Asia Honour Paper Industries (M) Sdn. Bhd
- Formerly: Malaysian Newsprint Industries
- Company type: Private Limited Company
- Industry: Pulp and paper
- Founded: 1996; 30 years ago
- Headquarters: Level 12, Wisma Averis (Tower 2) Avenue 5 Bangsar South City, No 8 Jalan Kerinchi, 59200 Kuala Lumpur, Malaysia
- Area served: Malaysia; Indonesia; China; India;
- Products: Newsprint
- Owner: Asia Honour (Hong Kong) Limited
- Number of employees: >200
- Website: asiahonourpaper.com

= Asia Honour Paper Industries =

Malaysian pulp and paper company

Asia Honour Paper Industries (M) Sdn. Bhd., formerly known as Malaysian Newsprint Industries Sdn. Bhd. (abbreviated MNI), is a pulp and paper company based in Malaysia. It operates a single pulp mill and paper mill in Mentakab, Pahang, which produces an annual 280,000 tonnes of newsprint sourced entirely from deinked pulp from recycled paper. In 2017, MNI was the largest supplier for Media Chinese International Ltd, which owns local mandarin newspapers such as Sin Chew Daily and Nanyang Siang Pau.

== History ==
The company was established in 1996, in an attempt to allow Malaysian and Singaporean newspaper to source their newsprint without having to import. The company was established as a joint venture between the New Zealand newsprint manufacturer Fletcher Challenge Paper, the Malaysian family conglomerate the Hong Leong Group, each with 33.65 percent of the shares, with the remainder split between the New Straits Times Press and Rimbunan Hijau. The mill opened in April 1999, having cost 500 million United States dollars. Fletcher Challenge Paper was bought by Norske Skog in 2000, who took over the ownership stake in MNI.
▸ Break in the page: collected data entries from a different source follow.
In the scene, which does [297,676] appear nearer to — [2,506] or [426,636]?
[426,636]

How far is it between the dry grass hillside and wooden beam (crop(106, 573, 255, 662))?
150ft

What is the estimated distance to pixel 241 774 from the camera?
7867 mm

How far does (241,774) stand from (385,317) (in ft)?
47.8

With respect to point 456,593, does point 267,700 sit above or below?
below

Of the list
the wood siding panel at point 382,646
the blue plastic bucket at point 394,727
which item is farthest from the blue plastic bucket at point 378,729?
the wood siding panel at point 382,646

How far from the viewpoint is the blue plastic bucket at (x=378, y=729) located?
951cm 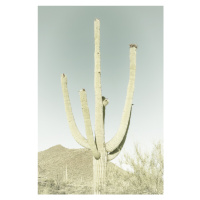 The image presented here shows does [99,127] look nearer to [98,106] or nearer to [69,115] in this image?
[98,106]

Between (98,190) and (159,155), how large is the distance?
2448 mm

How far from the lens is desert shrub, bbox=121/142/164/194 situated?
8828mm

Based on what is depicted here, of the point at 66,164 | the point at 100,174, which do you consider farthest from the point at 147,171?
the point at 66,164

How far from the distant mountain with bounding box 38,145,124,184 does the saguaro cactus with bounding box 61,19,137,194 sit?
35.4 feet

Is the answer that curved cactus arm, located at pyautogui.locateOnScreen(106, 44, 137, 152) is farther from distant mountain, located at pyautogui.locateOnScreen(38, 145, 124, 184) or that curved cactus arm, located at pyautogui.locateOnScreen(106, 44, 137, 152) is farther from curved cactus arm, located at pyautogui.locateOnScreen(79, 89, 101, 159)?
distant mountain, located at pyautogui.locateOnScreen(38, 145, 124, 184)

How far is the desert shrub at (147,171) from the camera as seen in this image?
8828 millimetres

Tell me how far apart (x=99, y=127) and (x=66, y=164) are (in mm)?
14267

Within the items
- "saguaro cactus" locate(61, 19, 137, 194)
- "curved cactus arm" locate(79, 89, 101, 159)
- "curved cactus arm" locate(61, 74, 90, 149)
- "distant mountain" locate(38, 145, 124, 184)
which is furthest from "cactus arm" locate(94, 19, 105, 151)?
"distant mountain" locate(38, 145, 124, 184)

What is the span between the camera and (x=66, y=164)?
21375mm

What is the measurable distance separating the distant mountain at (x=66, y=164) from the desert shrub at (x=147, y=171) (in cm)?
995

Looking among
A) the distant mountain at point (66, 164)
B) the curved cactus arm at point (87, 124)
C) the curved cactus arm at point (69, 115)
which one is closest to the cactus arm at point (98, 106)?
the curved cactus arm at point (87, 124)

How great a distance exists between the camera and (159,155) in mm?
8836

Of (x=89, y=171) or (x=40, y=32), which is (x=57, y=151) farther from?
(x=40, y=32)

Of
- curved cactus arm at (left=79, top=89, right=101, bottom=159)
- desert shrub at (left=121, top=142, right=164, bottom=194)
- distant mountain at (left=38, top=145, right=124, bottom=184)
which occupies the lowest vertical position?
distant mountain at (left=38, top=145, right=124, bottom=184) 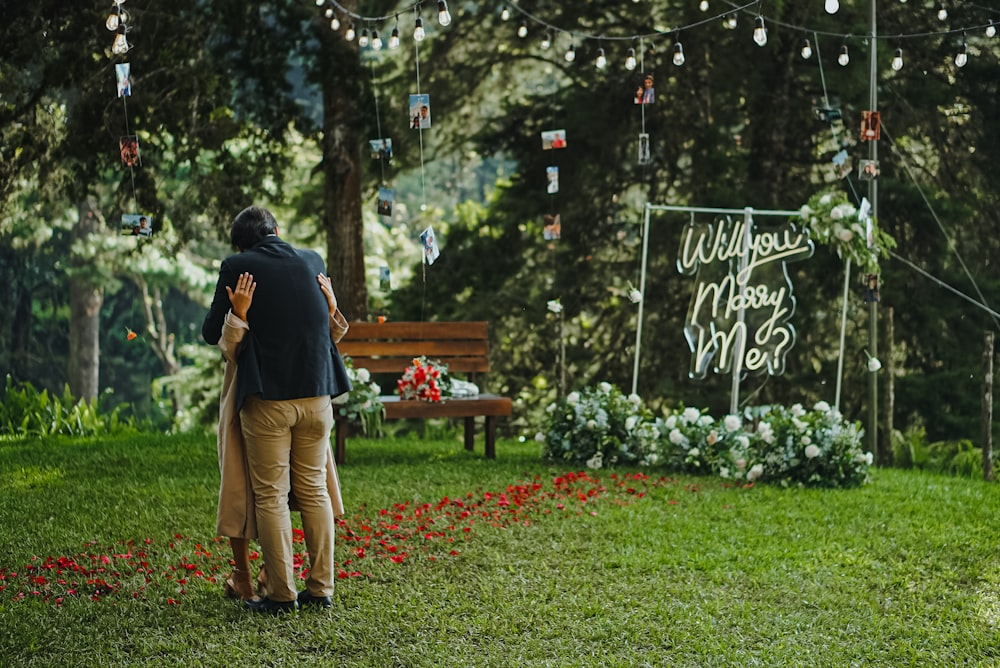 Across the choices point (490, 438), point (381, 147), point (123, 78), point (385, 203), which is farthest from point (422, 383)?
point (123, 78)

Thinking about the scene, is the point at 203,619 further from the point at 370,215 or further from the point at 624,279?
the point at 370,215

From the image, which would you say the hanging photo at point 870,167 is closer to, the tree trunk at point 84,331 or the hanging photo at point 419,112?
the hanging photo at point 419,112

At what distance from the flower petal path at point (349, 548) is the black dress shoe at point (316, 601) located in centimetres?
42

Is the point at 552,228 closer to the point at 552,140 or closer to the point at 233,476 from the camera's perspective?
the point at 552,140

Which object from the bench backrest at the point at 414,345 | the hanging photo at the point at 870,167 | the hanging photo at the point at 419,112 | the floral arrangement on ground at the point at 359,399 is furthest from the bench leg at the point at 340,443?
the hanging photo at the point at 870,167

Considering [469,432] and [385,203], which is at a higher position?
[385,203]

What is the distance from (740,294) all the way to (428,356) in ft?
8.41

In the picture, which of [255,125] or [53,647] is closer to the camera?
[53,647]

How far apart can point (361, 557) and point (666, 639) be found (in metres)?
1.69

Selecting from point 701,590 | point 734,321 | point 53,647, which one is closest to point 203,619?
point 53,647

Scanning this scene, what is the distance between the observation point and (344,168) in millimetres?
9164

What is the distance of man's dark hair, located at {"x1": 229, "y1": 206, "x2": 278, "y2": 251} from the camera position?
13.8 feet

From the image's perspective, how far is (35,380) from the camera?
17.6 metres

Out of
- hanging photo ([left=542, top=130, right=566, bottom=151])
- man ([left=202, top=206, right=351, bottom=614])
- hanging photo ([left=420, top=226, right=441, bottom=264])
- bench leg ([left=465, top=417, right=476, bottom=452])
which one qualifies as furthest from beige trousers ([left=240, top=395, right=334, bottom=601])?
bench leg ([left=465, top=417, right=476, bottom=452])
MNI's logo prior to the rebranding

=== Losses and subsequent sold off ===
On 2 May 2018, citing the declining newsprint demand, MNI's then owner Hong Leong Industry Berhad and the New Straits Times sold off their respective shares for RM22.3 million and RM14.15 million respectively to Asia Honour (Hong Kong) Limited. By then, the company had been making losses for three consecutive years. Subsequently, on 17 February 2020, Malaysian Newsprint Industries Sdn Bhd officially renamed and rebranded to Asia Honour Paper Industries (M) Sdn. Bhd. to reflect its new owner.